▶ Problem statement
Please repeat, exactly as they stand, the line containing "Swallow The Fish" and the lines after it through the final line of the listing below, minus pictures.

▶ Material shown
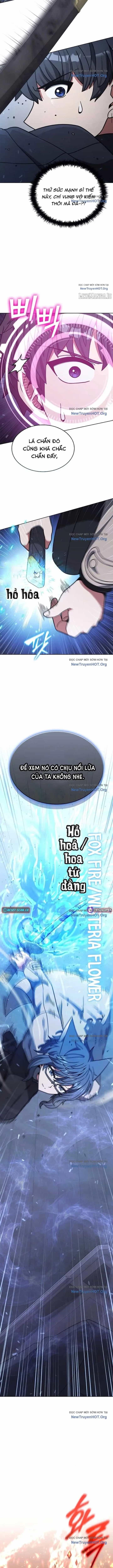 Thần Chết Part-Time - Chương 23 - ảnh 4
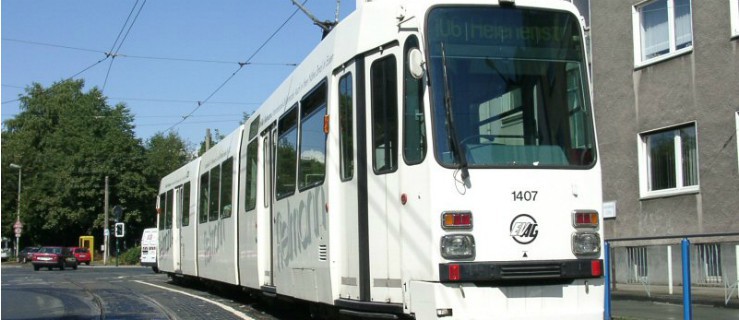 Modernizowane nowe tramwaje elbląskie. Czy to na pewno dobry wybór?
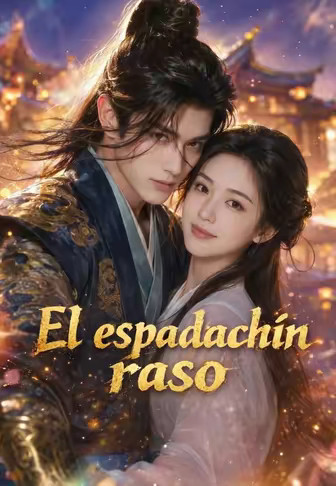 El espadachín raso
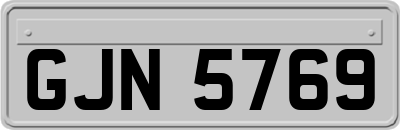GJN5769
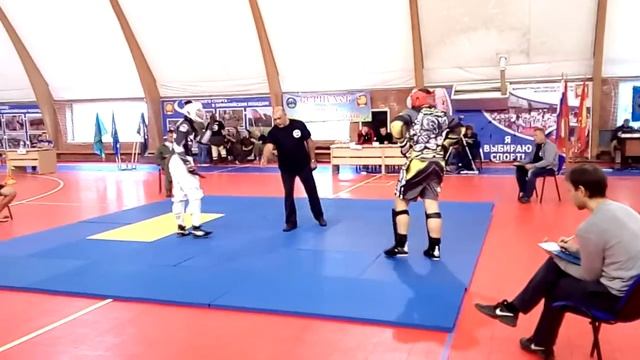 Утробин (Альянс) - Андрейцев ( СПАС) смотреть онлайн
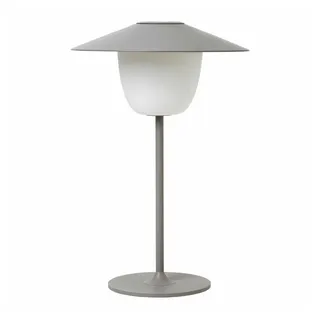 BLOMUS Ani Lamp Grau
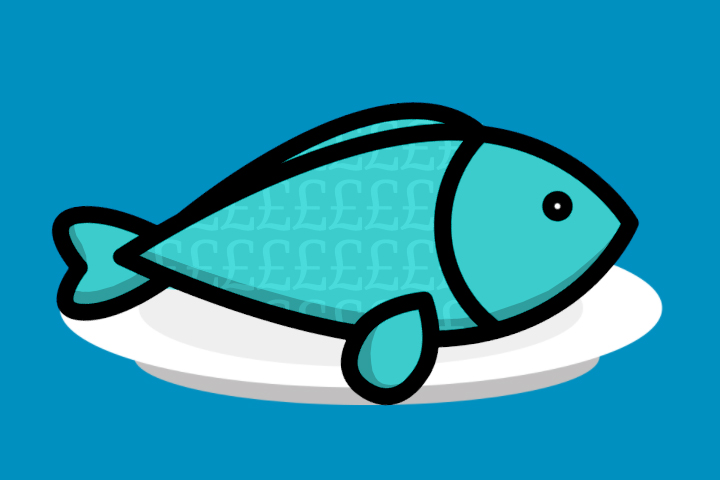 Swallow The Fish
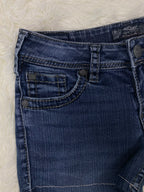 Silven Vintage Jeans Größe XS – Detailansicht 5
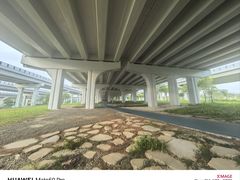 -宝安西湾红树林湿地公园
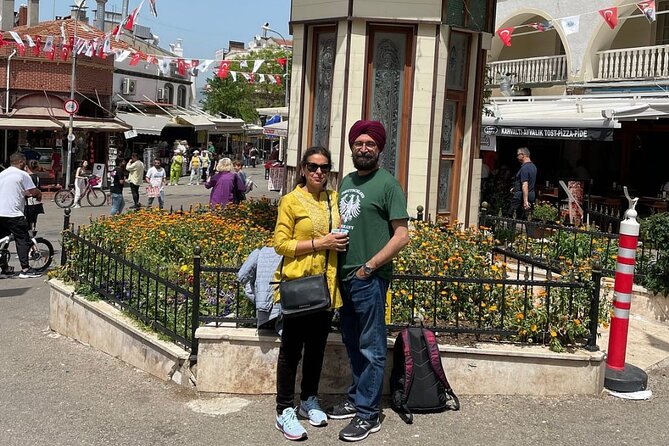 Full Day Istanbul Princes’ Islands Tour with Lunch - Lunch with seasonal specialties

▶ Your response
 Swallow The Fish
 Silven Vintage Jeans Größe XS – Detailansicht 5
 -宝安西湾红树林湿地公园
 Full Day Istanbul Princes’ Islands Tour with Lunch - Lunch with seasonal specialties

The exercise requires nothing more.